BBC Brasil – A imigração de latinos também tem alguma influência nessa mudança de percepções?
Daniel – Esse também é um componente importante, embora mais sutil. Os imigrantes latinos vêm para cá com formas muito diferentes de ver raças e têm de se adaptar aos padrões locais. Eles podem ser vistos como latinos ou hispânicos, mas nas suas comunidades frequentemente usam muitas outras formas de identificação e estão numa posição racial intermediária no modelo binário preto-branco dos EUA.
BBC Brasil – A eleição de Barack Obama teve algum impacto nas relações raciais nos EUA?
Daniel – Para algumas pessoas, ter um homem com ascendência africana no topo levaria a uma cicatrização racial. E de fato a eleição pode ter gerado um momento de grande unidade, temporariamente. Mas o governo dele gerou reações públicas de hostilidade racial que ninguém poderia imaginar. As pessoas não estavam prontas para um presidente negro. Houve um ataque à negritude só por causa de sua presidência.

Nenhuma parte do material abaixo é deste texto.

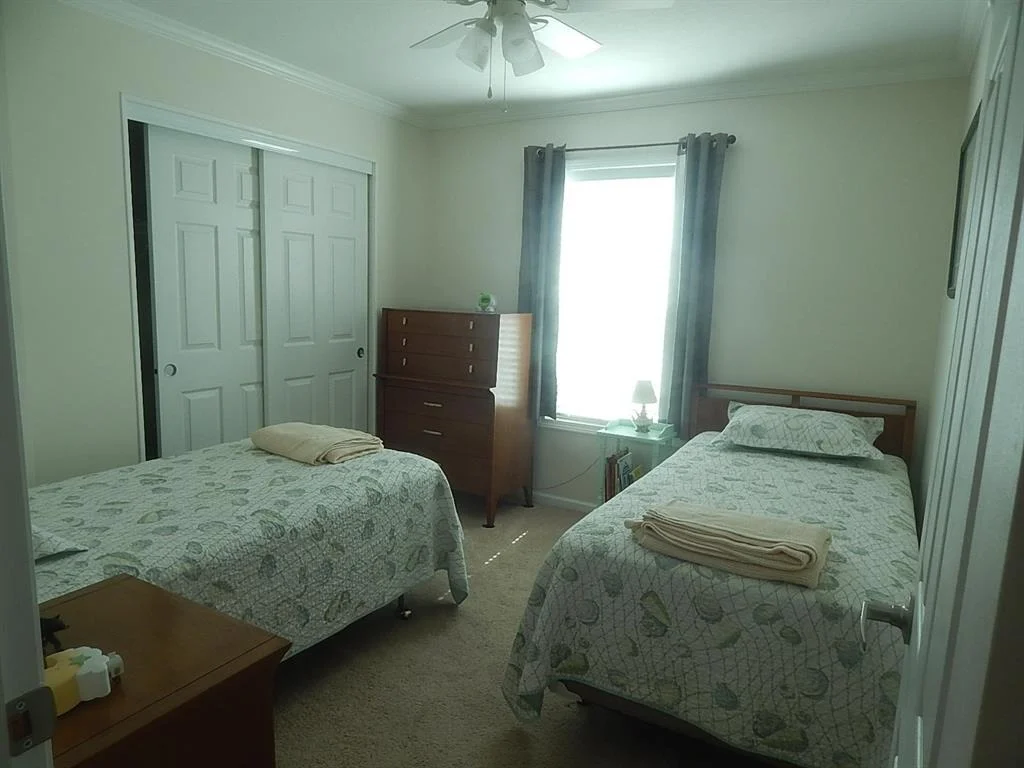 Photo of Unit 79 at 400 N Highway A1a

Até a administração Reagan (1981-1989), ou mesmo a de Bush pai (1989-1993), vivíamos sob uma ideologia em que raça não era importante. Entendia-se que o caráter e a integridade de uma pessoa eram fatores mais relevantes. Mas o mundo não mudou só porque as pessoas diziam isso. Nossa sociedade continua muito racializada, algo que emana da desigualdade racial. A eleição de Obama tirou o véu dos nossos olhos.
Abordagens policiais frequentemente resultam em mortes de negros inocentes. Não sei que nome as pessoas vão dar a isso, mas é impressionante que não esteja acontecendo com muitos brancos.
A maioria das pessoas ainda prefere ignorar o tema racial, achando que, se não falarmos sobre ele, o problema desaparecerá. Não vai, ele só vai piorar, a menos que nós, como nação, reconheçamos sua gravidade e tomemos medidas agressivas para erradicá-lo.